As Dr Caroline West, Bumble’s sex and relationships expert, explains: ‘Being involved in social causes often indicates a person’s values, allowing potential matches to identify common interests, gauge compatibility, and foster a deeper connection beyond surface-level attraction.

‘In addition, being engaged with social causes demonstrates a person’s empathy and compassion, which when coupled with investment (whether time, money, or other resources), indicates a commitment to making the world a better place.

‘People actively involved in social causes are also reported to be likely to have higher emotional intelligence, which is important given that people are seeking kindness and empathy in a partner.’

But when people don’t agree, that can sometimes cause conflict, as seen in the field of family law. Attorney Benson Varghese explains that political differences are increasingly divisive – and can even end in divorce.

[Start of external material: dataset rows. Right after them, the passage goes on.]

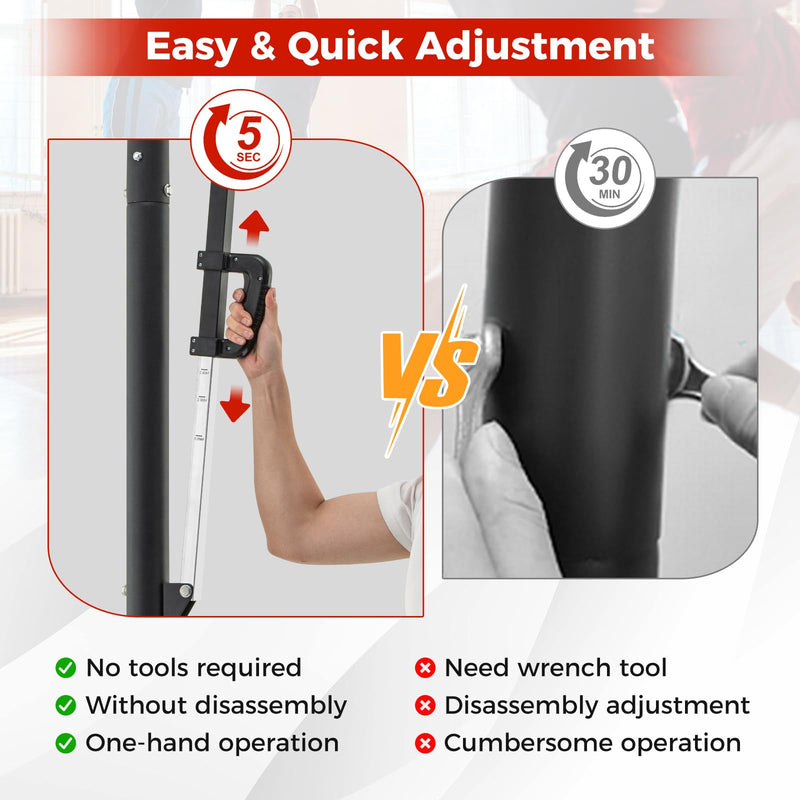 Load image into Gallery viewer, Goplus Portable Basketball Hoop Outdoor, 7.9-10 FT Basketball Goal System w/ 44 Inch Shatterproof Backboard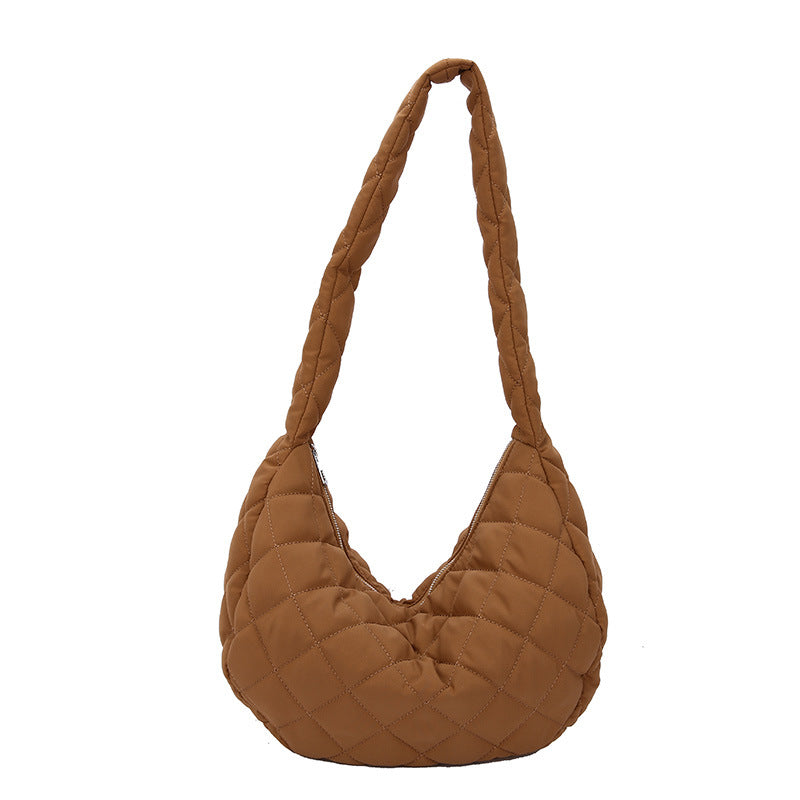 Quilted Hobo Shoulder Bag — product view 1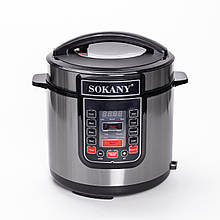 Мультиварка Sokany SK-07053, с чашей на 7л и антипригарным покрытием, 1000Вт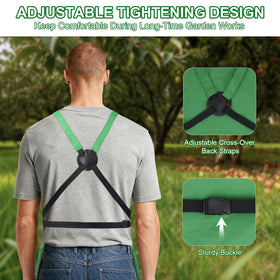 ZIOZERTT Apron offers multiple pockets for tools, seeds, and harvest.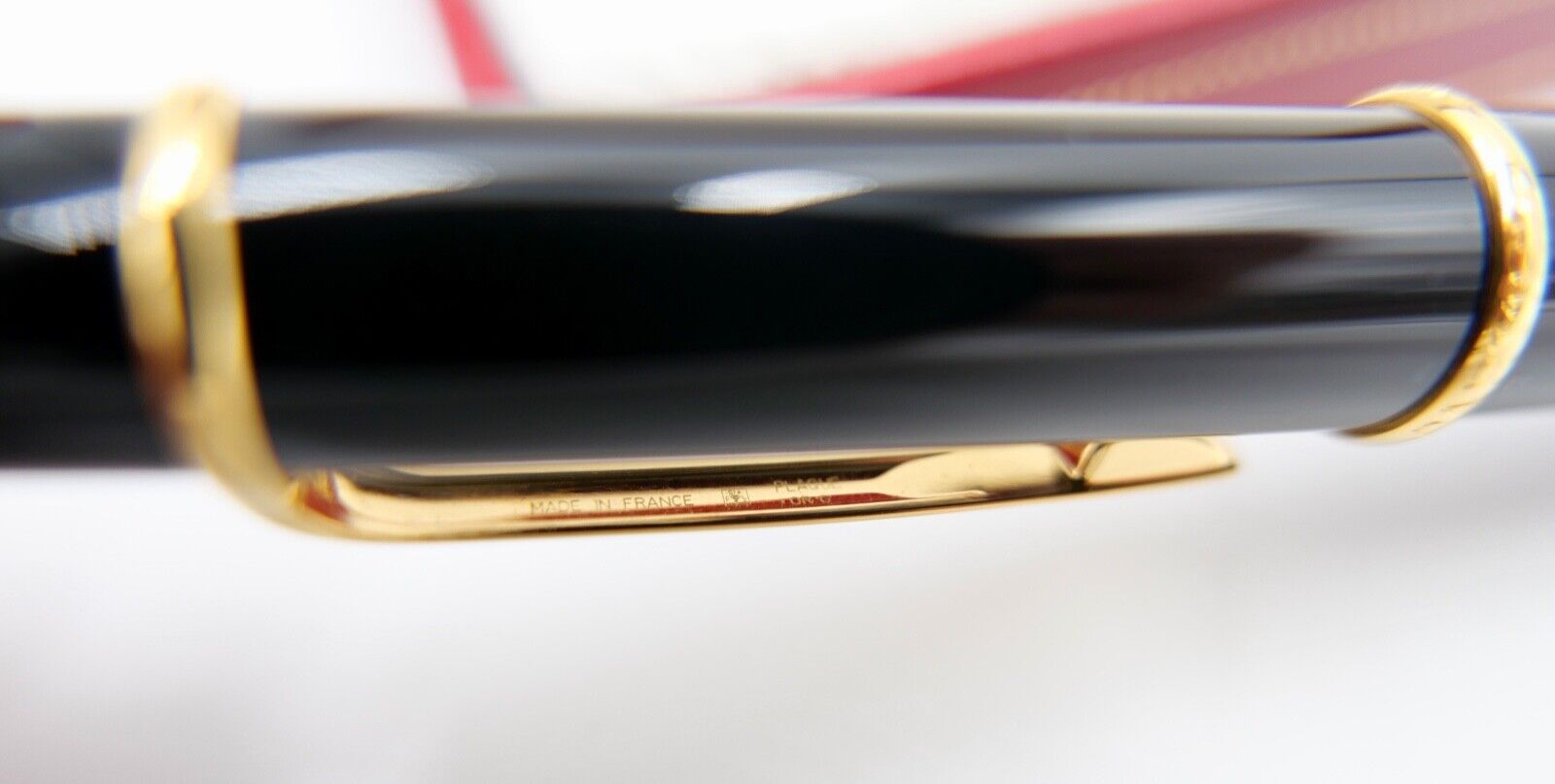 NEUwertig Vintage CARTIER ST18003 DIABOLO Composite Noir Kugelschreiber Roller - Antikhandel-Stuttgart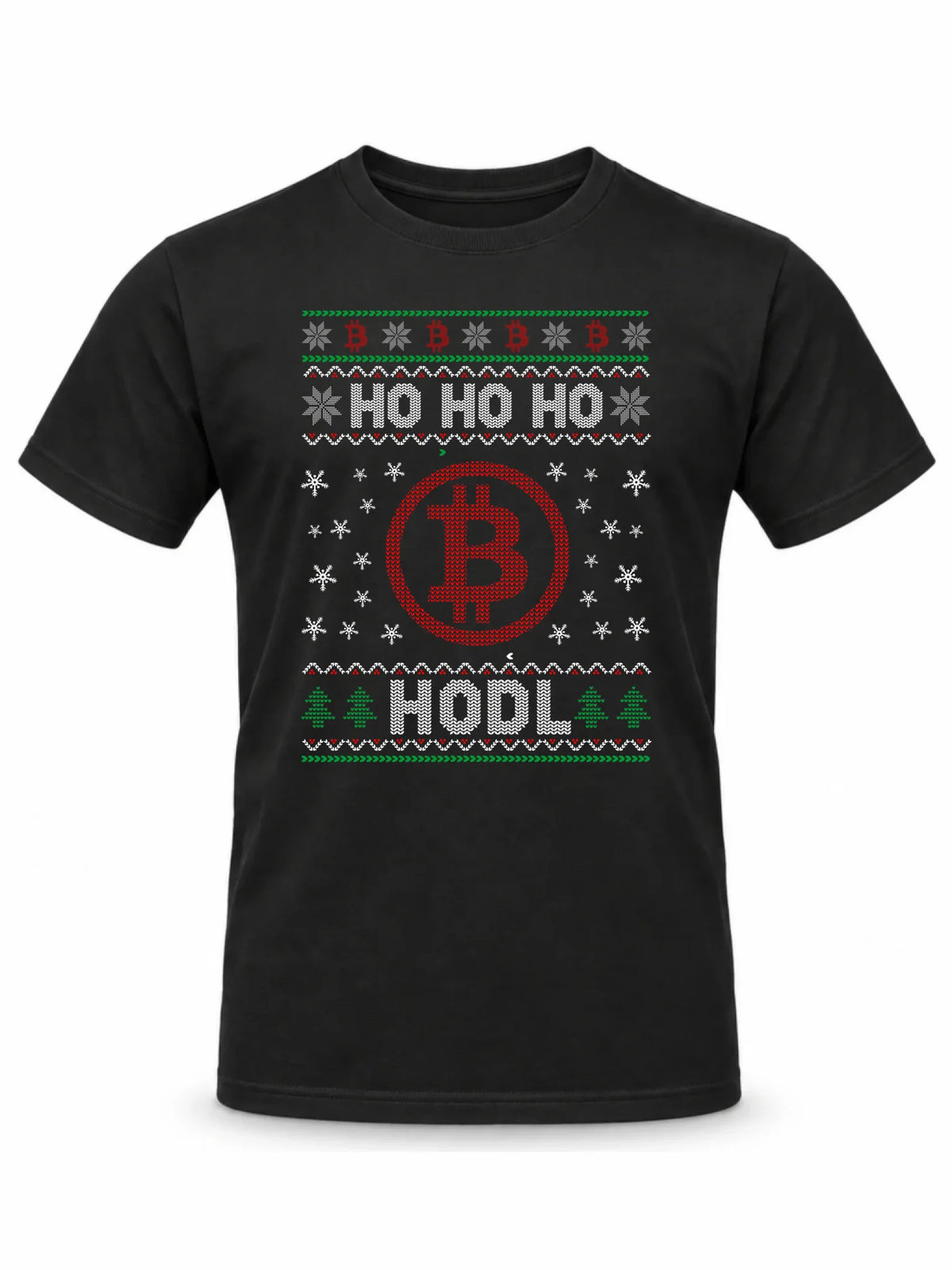Koszulka męska świąteczna - Bitcoin - Ho Ho hodl BN103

‘As a divorce lawyer and the founder of my law firm, I’ve seen firsthand how politics can negatively impact personal relationships. I deal with all kinds of divorce cases, from couples with a lot of money and assets to fights over child custody. I’ve witnessed how clashing political views can really strain a marriage and even lead to its end,’ Benson tells Metro.co.uk.

‘We’ve had cases where a couple’s political beliefs directly or indirectly led them to divorce. In states like North Carolina, where I practice, couples can get divorced by simply saying they can’t get along anymore without assigning blame to one side,’ he adds.

Benson has also noticed some regional patterns; he believes that in the US, divorce rates tend to be higher in conservative ‘red’ states compared to more liberal ‘blue’ states.

‘Politics is intertwined with relationships more than ever these days,’ he concludes.

In terms of her relationship history, Louisa has dated people who have been politically disengaged before, as well as people who belonged in a ‘different political camp’ to her.

‘Ironically, I found that more conflicts arose with my partner who didn’t take an active interest in politics,’ Louisa, who describes herself as left-wing, notes.

‘To me, some of the most interesting conversations are borne out of disagreement; I might hold a different view from you on a certain topic, but hearing your perspective may help me to gain some nuance on the issue, and vice versa.

‘Having the right to vote and the opportunity to participate in the democratic process is such a privilege, and not exercising that right is a dealbreaker for me,’ she concludes.